Melancholia, in my experience, is the lurking feeling of an impending depressive episode. It has roots in romanticism and the gothic, and is a more reflective and poetic rumination on the individual’s relationship to their physical and mental world than depression. The feeling of melancholy is the canary in the coal mine, portending a downward spiral or a deep philosophical reckoning with one’s emotions. Navigating melancholy is an attempt to redirect a dive towards depression to more stable ground. 

The work on these pages serve as an attempt to visualize aspects of that downward spiral—the “invisible” disease of clinical depression—and to develop a visual vocabulary for future work. Part of the vocabulary is subtle and symbolic, enclosing paintings in aluminum frames, for instance, where aluminum (so common in the cookware of my youth) is increasingly found to be linked to various cognitive issues.


Despite the assumptions of gloom or unrelenting sadness, depression is a multi-dimensional and contradictory illness that can often highlight moments of great beauty and wonder at a higher intensity of experience. This positive sensitivity contrasts with the melancholic temperament and often, ironically, intensifies the despair of the depressed person. It is a slippery, monstrous condition that can be fascinating, debilitating, and terrifying simultaneously.


No matter how it manifests itself, depression is a condition of extremes and these don’t exclude humor. The ruminations, self-doubt, fatigue, and emotional pain that accompany a depressive episode can reach a level of paralyzing intensity. On better days, dark humor becomes a fleeting temporary respite from the negative thought patterns.

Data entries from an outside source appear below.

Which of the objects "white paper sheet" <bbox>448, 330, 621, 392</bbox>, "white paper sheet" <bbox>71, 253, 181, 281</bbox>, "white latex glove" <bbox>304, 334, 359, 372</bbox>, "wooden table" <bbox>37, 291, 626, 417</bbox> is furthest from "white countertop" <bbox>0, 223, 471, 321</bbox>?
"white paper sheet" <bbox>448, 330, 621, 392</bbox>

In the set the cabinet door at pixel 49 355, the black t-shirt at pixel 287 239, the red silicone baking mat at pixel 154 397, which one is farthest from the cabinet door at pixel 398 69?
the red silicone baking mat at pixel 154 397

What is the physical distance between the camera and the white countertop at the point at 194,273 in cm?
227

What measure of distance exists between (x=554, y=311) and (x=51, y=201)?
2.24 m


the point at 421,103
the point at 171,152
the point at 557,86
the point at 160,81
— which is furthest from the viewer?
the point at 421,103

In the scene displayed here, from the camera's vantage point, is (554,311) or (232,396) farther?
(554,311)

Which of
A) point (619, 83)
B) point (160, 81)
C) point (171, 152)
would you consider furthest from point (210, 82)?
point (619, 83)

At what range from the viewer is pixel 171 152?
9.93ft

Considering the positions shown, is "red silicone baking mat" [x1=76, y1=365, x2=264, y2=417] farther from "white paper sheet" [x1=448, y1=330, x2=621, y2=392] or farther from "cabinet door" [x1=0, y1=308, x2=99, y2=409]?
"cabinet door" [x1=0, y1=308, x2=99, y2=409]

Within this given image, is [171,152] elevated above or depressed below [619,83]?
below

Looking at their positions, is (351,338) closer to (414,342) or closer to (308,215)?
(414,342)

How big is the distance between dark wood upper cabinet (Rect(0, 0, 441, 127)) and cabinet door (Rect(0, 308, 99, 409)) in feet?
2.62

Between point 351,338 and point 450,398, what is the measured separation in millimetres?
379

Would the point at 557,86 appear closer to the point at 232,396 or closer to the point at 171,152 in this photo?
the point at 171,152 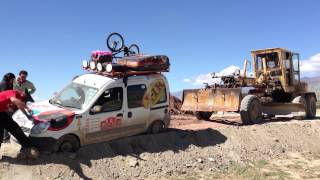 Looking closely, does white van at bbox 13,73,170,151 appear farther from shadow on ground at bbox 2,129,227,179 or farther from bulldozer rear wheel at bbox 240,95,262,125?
bulldozer rear wheel at bbox 240,95,262,125

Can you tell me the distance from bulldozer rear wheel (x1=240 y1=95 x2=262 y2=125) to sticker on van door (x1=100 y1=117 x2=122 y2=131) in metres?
6.27

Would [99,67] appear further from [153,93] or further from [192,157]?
[192,157]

Previous to this exploration I had been interrogating wonder—in my artwork, in my classes, and as a curator. Depression is the opposite of wonder. Its darkness is an engagement with the world. In researching wonder I was amazed to discover that there had been no thematic exhibitions and hardly any attempts to articulate wonder in relation to the visual. Likewise, while hundreds of writers have addressed depression, I have found a glaring lack of artwork that represents the vagaries of depression. The subjectivity inherent in both experiences resists iconic representations that often, unfortunately, results in horribly clichéd images in both respects.


This body of work and research has become an intriguing challenge of developing a visual vocabulary—imagery for an abstract condition that is fundamentally un-representable. The work on these pages varies in appearance and media in an attempt to develop new, personalized, and unique visual analogues to the concepts of melancholy in particular and depression in general.